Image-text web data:
*** Block opens ***
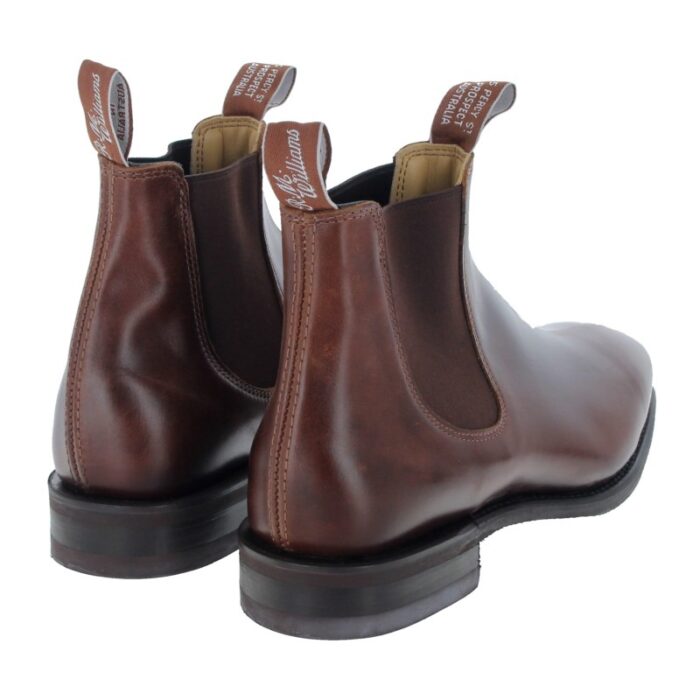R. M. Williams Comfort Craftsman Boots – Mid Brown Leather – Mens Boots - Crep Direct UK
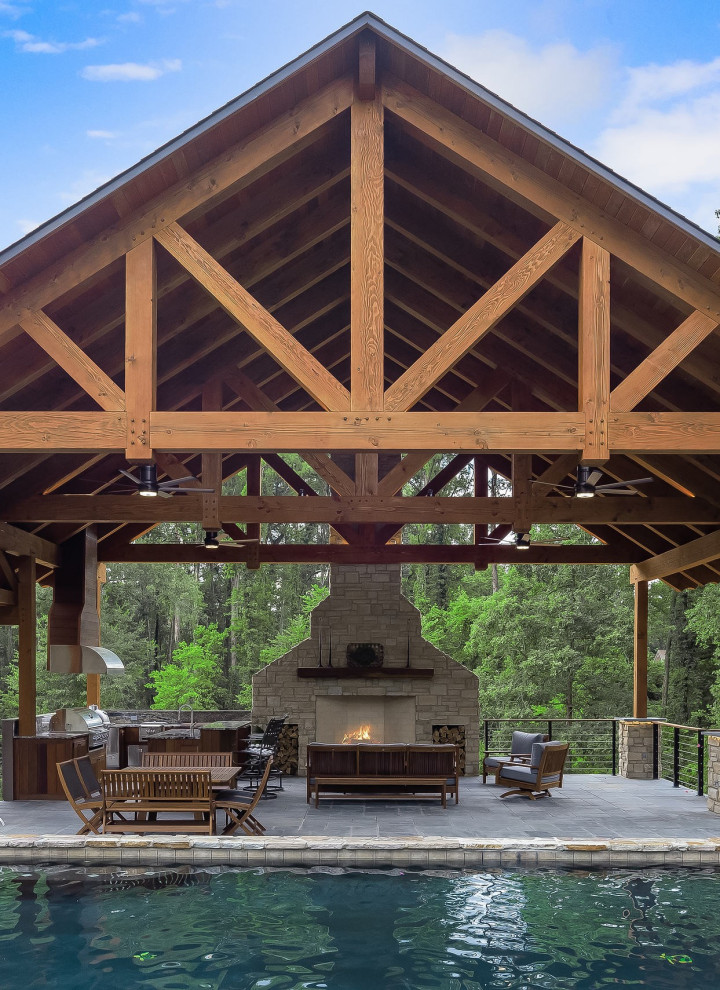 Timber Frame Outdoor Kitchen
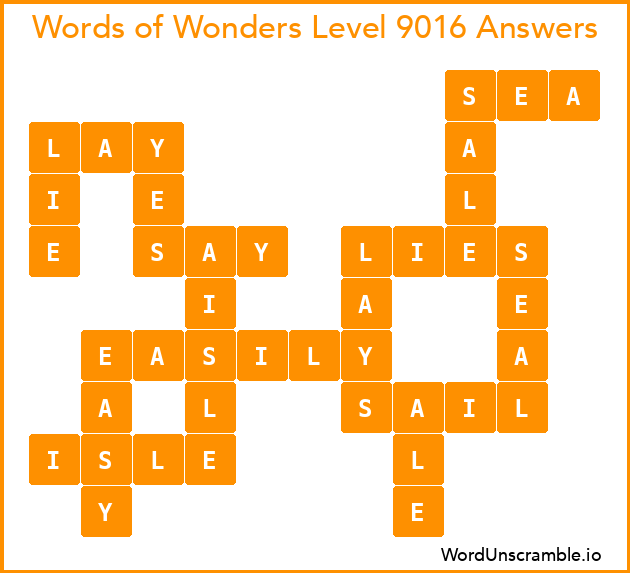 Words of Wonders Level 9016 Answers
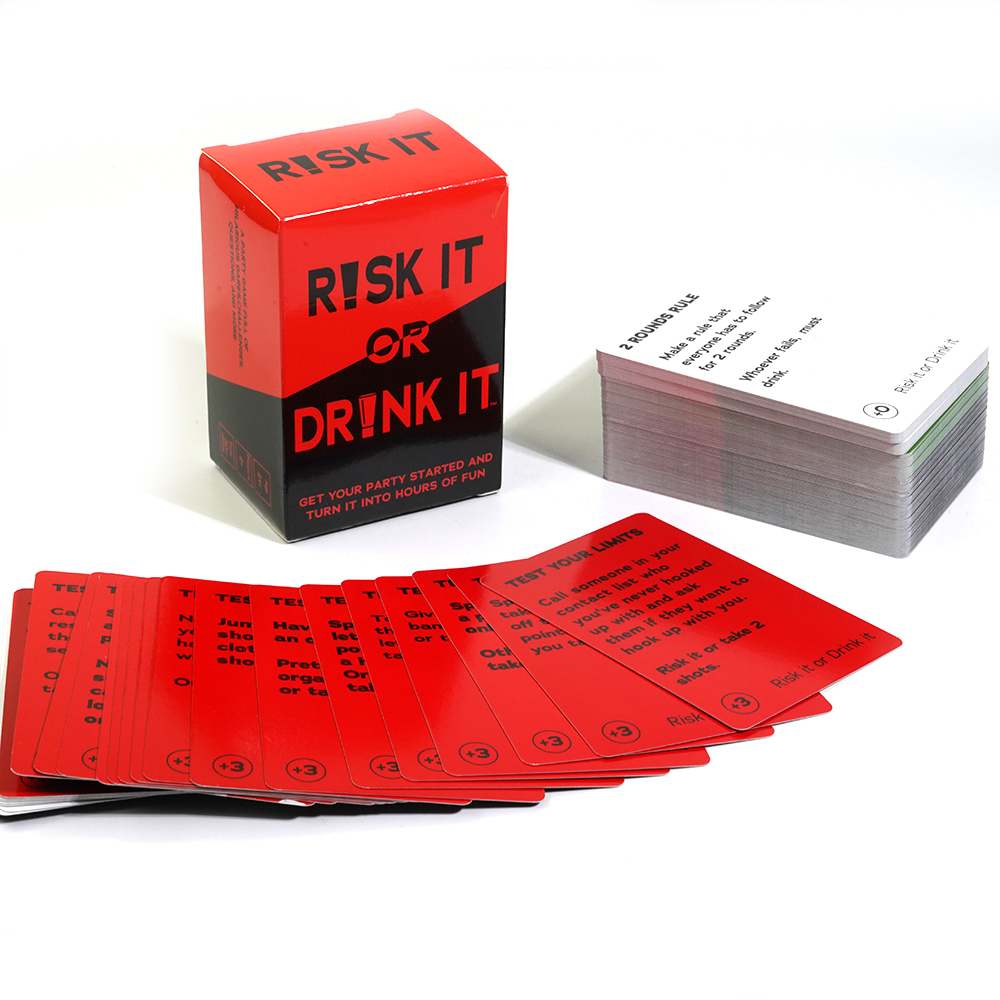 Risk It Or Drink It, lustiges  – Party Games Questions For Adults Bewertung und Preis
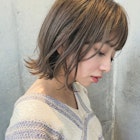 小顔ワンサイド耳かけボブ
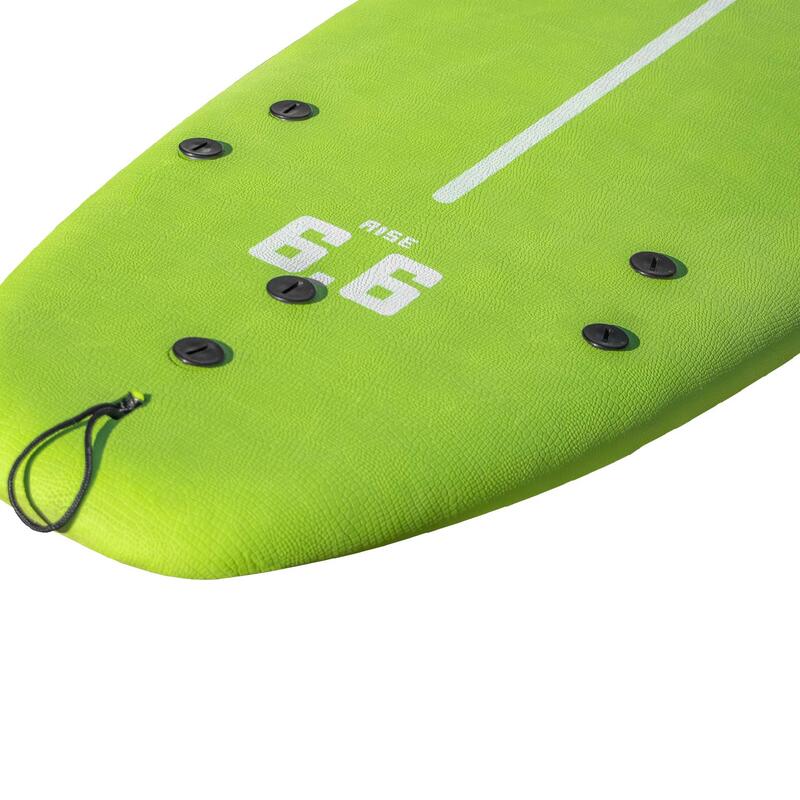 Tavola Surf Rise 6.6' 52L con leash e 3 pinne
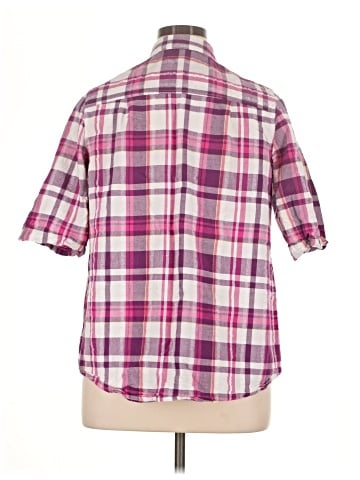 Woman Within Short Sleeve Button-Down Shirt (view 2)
*** Block closes ***
_Problem details:_
Copy only the part of the records that runs from the first line to the line with "Tavola Surf Rise", ends included, leaving pictures out.

_Task output:_
R. M. Williams Comfort Craftsman Boots – Mid Brown Leather – Mens Boots - Crep Direct UK
 Timber Frame Outdoor Kitchen
 Words of Wonders Level 9016 Answers
 Risk It Or Drink It, lustiges  – Party Games Questions For Adults Bewertung und Preis
 小顔ワンサイド耳かけボブ
 Tavola Surf Rise 6.6' 52L con leash e 3 pinne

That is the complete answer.